Khinchin (1957) famously proved the uniqueness theorem for Shannon's entropy under 4 axioms. Let $\mathbf{p}=(p_{1},\cdots,p_{n})$ be a probability distribution. Let $X$ be an random element following $\mathbf{p}$. (I will use the notation $H(X)$ and $H(\mathbf{p})$ interchangeablly below.) The 4 axioms are
- $H(\mathbf{p})$ is continuous with respect to all its arguments.
- $H(\mathbf{p})$ is maximized at $\mathbf{p}$ being uniform ($p_{i}=1/n$ for all $i$).
- $H(p_{1},\cdots,p_{n},0)=H(p_{1},\cdots,p_{n})$.

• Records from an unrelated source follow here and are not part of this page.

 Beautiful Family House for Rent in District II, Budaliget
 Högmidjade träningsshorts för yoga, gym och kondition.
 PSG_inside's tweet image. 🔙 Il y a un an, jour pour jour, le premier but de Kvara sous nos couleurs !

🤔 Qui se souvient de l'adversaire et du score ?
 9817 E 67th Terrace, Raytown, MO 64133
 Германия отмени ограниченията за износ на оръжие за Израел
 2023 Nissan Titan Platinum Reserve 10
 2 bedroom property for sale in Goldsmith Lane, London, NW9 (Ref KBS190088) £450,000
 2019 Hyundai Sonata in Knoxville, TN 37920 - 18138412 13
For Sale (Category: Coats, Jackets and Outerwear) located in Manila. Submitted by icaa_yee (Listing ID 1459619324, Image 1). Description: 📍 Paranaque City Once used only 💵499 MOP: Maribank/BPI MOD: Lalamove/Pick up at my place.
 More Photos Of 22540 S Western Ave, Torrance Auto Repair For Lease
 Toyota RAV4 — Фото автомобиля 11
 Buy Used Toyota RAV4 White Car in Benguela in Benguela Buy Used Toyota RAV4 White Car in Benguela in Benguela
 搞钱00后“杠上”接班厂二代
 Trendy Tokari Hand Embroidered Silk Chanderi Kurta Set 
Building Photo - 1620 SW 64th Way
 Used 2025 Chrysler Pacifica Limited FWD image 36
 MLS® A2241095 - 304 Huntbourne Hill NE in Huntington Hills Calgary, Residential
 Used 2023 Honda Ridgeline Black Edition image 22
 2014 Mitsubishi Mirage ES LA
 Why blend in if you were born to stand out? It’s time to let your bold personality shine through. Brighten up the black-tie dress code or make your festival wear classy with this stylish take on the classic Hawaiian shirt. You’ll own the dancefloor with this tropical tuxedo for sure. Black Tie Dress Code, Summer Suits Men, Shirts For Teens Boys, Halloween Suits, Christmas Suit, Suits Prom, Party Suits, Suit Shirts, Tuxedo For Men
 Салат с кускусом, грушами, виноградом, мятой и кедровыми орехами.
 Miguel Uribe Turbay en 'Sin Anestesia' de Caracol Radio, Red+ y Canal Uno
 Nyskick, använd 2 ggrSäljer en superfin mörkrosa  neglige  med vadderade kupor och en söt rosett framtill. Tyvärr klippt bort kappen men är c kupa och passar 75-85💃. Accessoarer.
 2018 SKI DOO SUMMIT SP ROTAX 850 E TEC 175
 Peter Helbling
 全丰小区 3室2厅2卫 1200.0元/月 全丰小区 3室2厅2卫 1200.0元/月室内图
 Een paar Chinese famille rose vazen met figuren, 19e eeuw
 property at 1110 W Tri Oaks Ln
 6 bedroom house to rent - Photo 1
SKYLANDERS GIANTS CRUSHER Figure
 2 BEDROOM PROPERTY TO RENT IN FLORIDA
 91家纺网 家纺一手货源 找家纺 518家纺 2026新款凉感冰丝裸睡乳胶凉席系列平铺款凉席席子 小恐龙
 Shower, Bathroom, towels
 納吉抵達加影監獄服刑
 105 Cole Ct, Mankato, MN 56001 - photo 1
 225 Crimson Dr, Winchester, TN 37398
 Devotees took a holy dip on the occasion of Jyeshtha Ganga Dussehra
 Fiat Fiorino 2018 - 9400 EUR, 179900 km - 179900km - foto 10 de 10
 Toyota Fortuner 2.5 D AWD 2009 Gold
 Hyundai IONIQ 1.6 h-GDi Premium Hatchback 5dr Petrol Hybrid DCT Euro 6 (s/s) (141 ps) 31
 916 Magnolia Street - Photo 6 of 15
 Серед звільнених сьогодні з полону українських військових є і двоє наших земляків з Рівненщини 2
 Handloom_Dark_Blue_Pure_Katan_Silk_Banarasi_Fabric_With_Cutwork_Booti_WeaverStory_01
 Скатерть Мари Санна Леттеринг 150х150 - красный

- $H(X,Y)=H(Y)+\sum_{i=1}^{I} P(X=i)H(Y|X=i)$ where $P(X=i)$ is the marginal probability of $X$ takes the $i$th letter and $H(Y|X=i)$ is the entropy of the conditional distribution of $Y$ given $X$ takes the $i$th letter.
However I have seen, in some writings, the four axioms are re-stated with the first one being replaced by
- (1*.) $H(\mathbf{p})$ is symmetric with respect to all its arguments (label independence).
I wonder if replacing 1. by 1*. is a mistake or creates an equivalent axiomatic set.